REPUBLIKA.CO.ID, JAKARTA -- Menteri Koordinator Bidang Perekonomian Darmin Nasution menilai bahwa peluang penguatan kurs rupiah terhadap dolar Amerika Serikat (AS) masih ada. Hal ini menyusul keputusan Rapat Dewan Gubernur Bank Indonesia pada Kamis (18/7) kemarin untuk menurunkan suku bunga acuannya 25 basis poin menjadi 5,75 persen.
"Ya semuanya sebenarnya tergantung banyak hal. Itu dia nggak bisa berdiri sendiri. Apapun saya jawab bisa jadi salah bisa jadi benar. Artinya dengan kecenderungan ekonomi dunia sekarang, ya ruang itu masih ada tapi seberapa luas, saya ngga tahu," jelas Darmin usai menghadiri rapat terbatas di Kantor Presiden, Jumat (19/7).
Darmin menegaskan bahwa pemerintah tak tinggal diam untuk menguatkan nilai tukar rupiah.
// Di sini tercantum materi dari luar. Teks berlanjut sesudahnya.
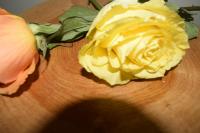 Casa de 2 dormitorios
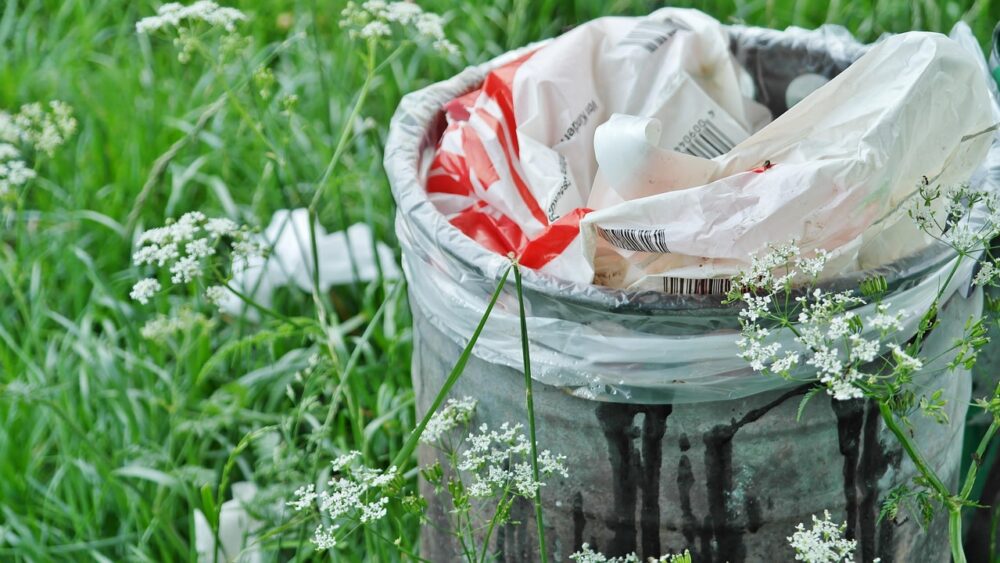 Genius Ways to Upcycle Your Way to a Greener Garden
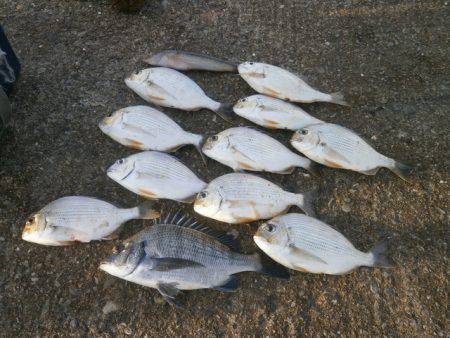大阪南港海つり公園 釣果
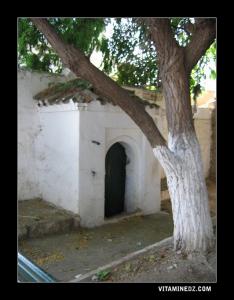 Darih de Sidi Boujemaa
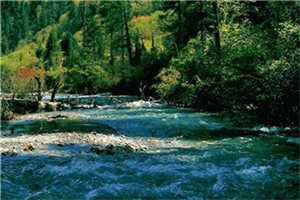 老师拐回家小说吴林尧陆逸林完结版全文阅读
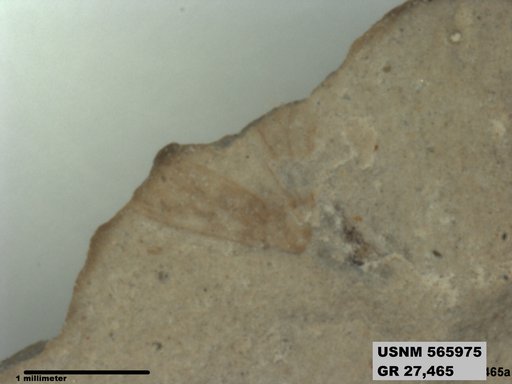 Genus sp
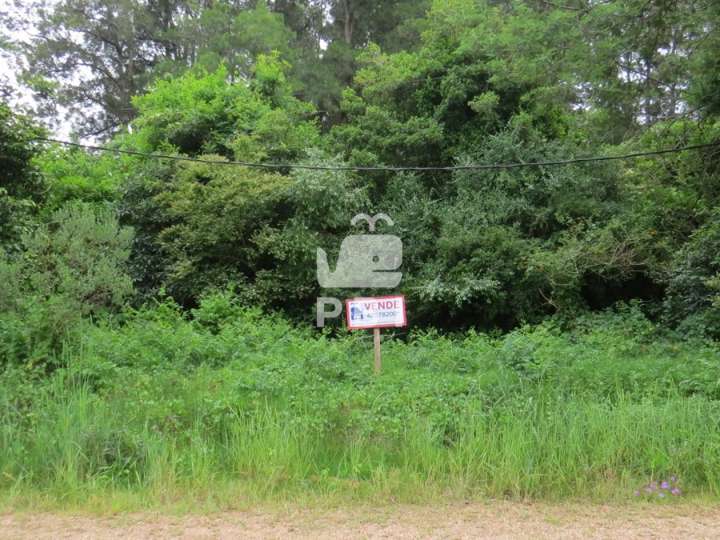 Terreno en venta en El Alcalde de Salamea, Maldonado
Dari sisi internal misalnya, pemerintah masih dalam proses memberikan insentif perpajakan kepada investor dan menguatkan pendidikan vokasi.
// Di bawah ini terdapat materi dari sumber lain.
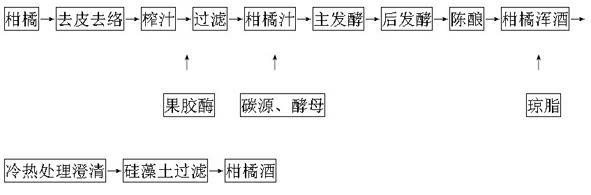 Fermented orange wine and preparation method thereof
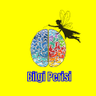 Bilgi Perisi profil fotoğrafı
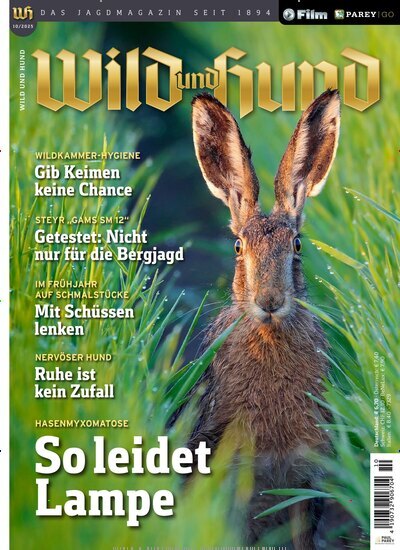 Titelbild der Ausgabe 10/2025 von Wild und Hund. Diese Zeitschrift und viele weitere Sportmagazine als Abo oder epaper bei United Kiosk online kaufen.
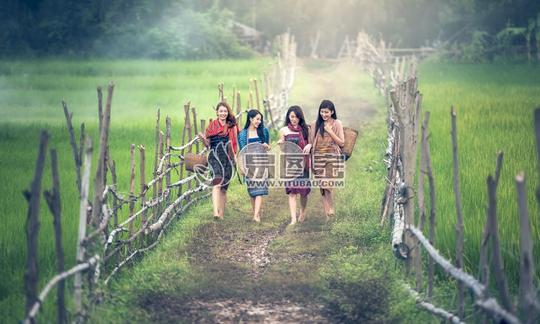 乡村美女摄影素材下载,乡村美女摄影模板下载,道路,乡村,农田,美女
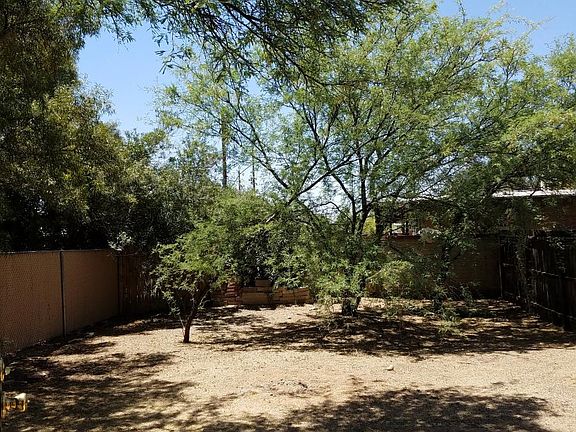 LG WOODED YARD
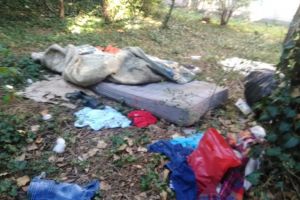 Abateri de la normele legale, constatate ieri de Politia Locala Constanta (galerie foto)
Kamis (18/9) sore lalu, nilai tukar (kurs) rupiah yang ditransaksikan antar bank di Jakarta menguat setelah Bank Indonesia menurunkan suku bunga acuannya. Rupiah menguat 23 poin atau 0,16 persen menjadi Rp 13.960 per dolar AS dari sebelumnya Rp 13.983 per dolar AS.
Dari internal, sentimen positif bagi rupiah yaitu Rapat Dewan Gubernur Bank Indonesia pada hari ini yang memutuskan menurunkan suku bunga acuannya 25 basis poin menjadi 5,75 persen. Kebijakan tersebut diambil bank sentral dengan pertimbangan rendahnya inflasi ke depan dan mendorong pertumbuhan ekonomi di tengah prospek pertumbuhan global yang sedang turun.
Dari eksternal, pelaku pasar kini kembali meyakini bahwa The Fed akan memangkas suku bunga tiga kali di tahun ini. Yang paling dekat pemangkasan akan dilakukan pada 31Juli 2019 atau 1 Agustus 2019 waktu Indonesia, kemudian dua lagi di bulan September dan Desember 2019.